Hagrid, a half giant, full on sociopath is the groundskeeper and later Care of Magical Creatures Teacher has absolutely no business being around children. If there’s a magical creature that can snatch your head off like a paper towel, he somehow has access to it and can’t wait to put a child, again a child, right up in it’s face. In the books he’s responsible for more non-fatal student accidents then most Death Eaters and that’s saying a lot. He illegally hatched both a giant spider and a dragon at the school and knowingly brought a hippogriff, a giant eagle horse, knowing full well they were unpredictable and deadly in front of the younger student body.

Remus Lupin, a werewolf who may as well have been named “Hey I’m a Werewolf” who was probably the most level headed teacher of Defense Against the Dark Arts, was still A WEREWOLF!!!! A mindless creature that will bite and infect any and everyone in its path.

Mr Filch, though not magical at all was just a creepy weird old man with a cat obsession who was very concerned about the students being out of bed.

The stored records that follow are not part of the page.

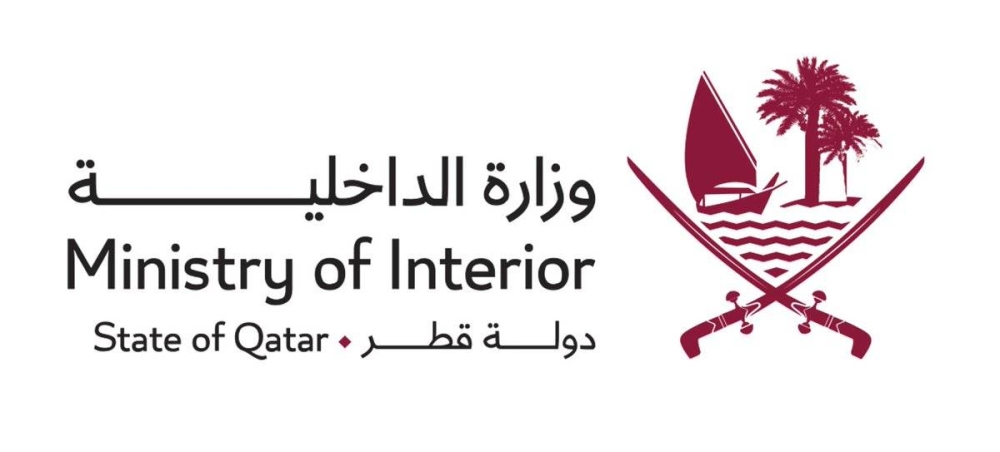 Катарські арешти підозрювані, розшукані Канадою в рамках Interpol Red Over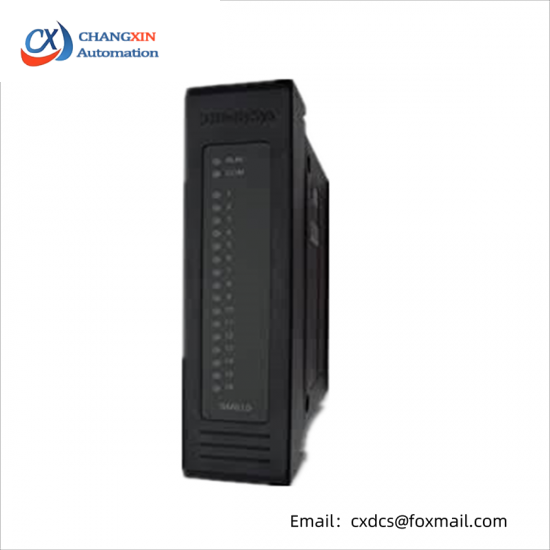 HOLLYSYS SM610 6 channel DI module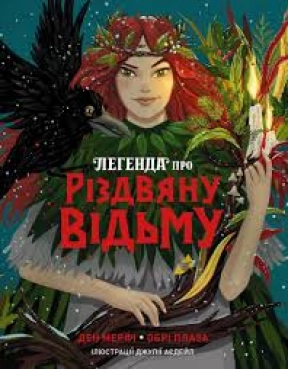 Легенда про Різдвяну відьму (у) книга(390)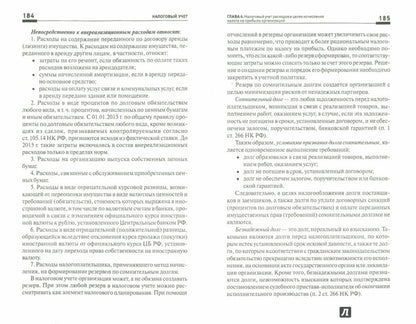 Налоговый учет: учеб. пособие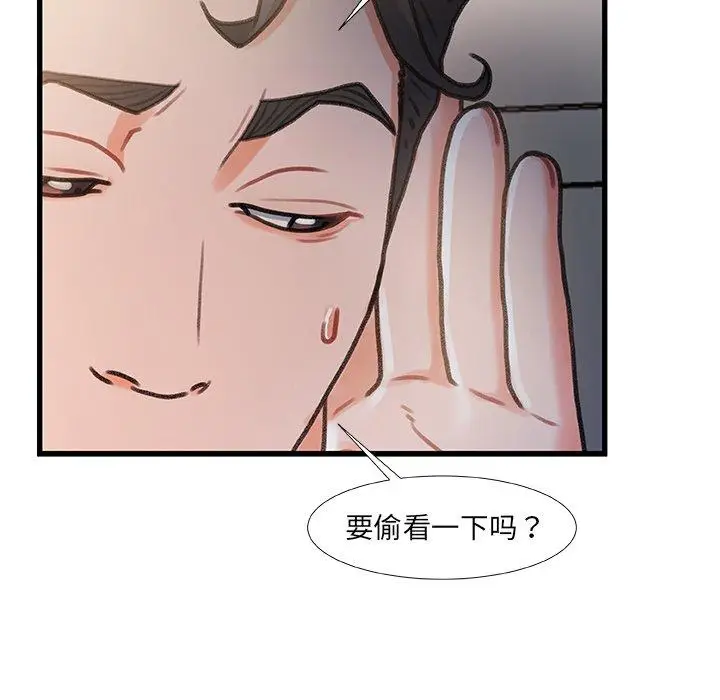 漫画《故乡的那些女人》第15话第44张图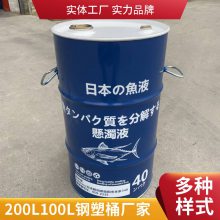 新和县大口200l塑料桶 100L200L钢塑复合桶 草酸磷包装桶 出口桶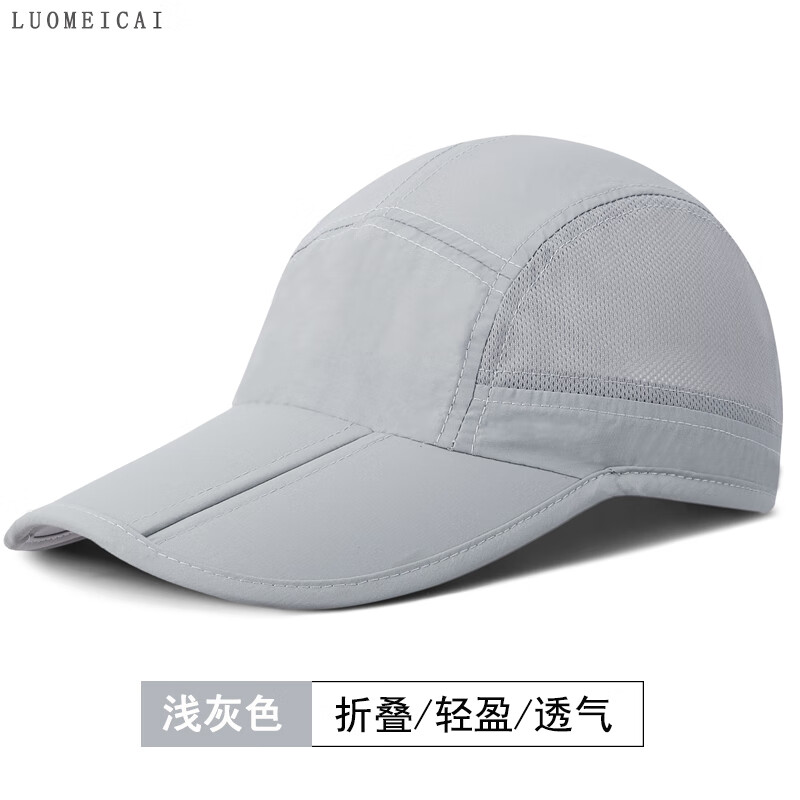 遮阳帽子男垂钓运动跑步专业帽防晒透气网帽女速干折叠遮阳帽 浅灰色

No thanks.

My final example is just the worst of the bunch out of everyone who came to Hogwarts to teach and that was Bartimus Crouch, Jr, who disguised as Mad Eye Moody (yes, that’s the name of someone who should be teaching kids anything) on the first day of class taught the children how to murder with magic. What in the F???

So if you do indeed have magical powers and you’re looking to send your kids off to Hogwarts and you love them, don’t. Home school them or send them to any other school for magic because if there’s one thing that Hogwarts is good for, it’s putting your children in mortal danger that will likely cost them their very lives.

Now if you’ll excuse me, I’m heading to the Wizarding World of Harry Potter at Universal Studios. Go Slytherin.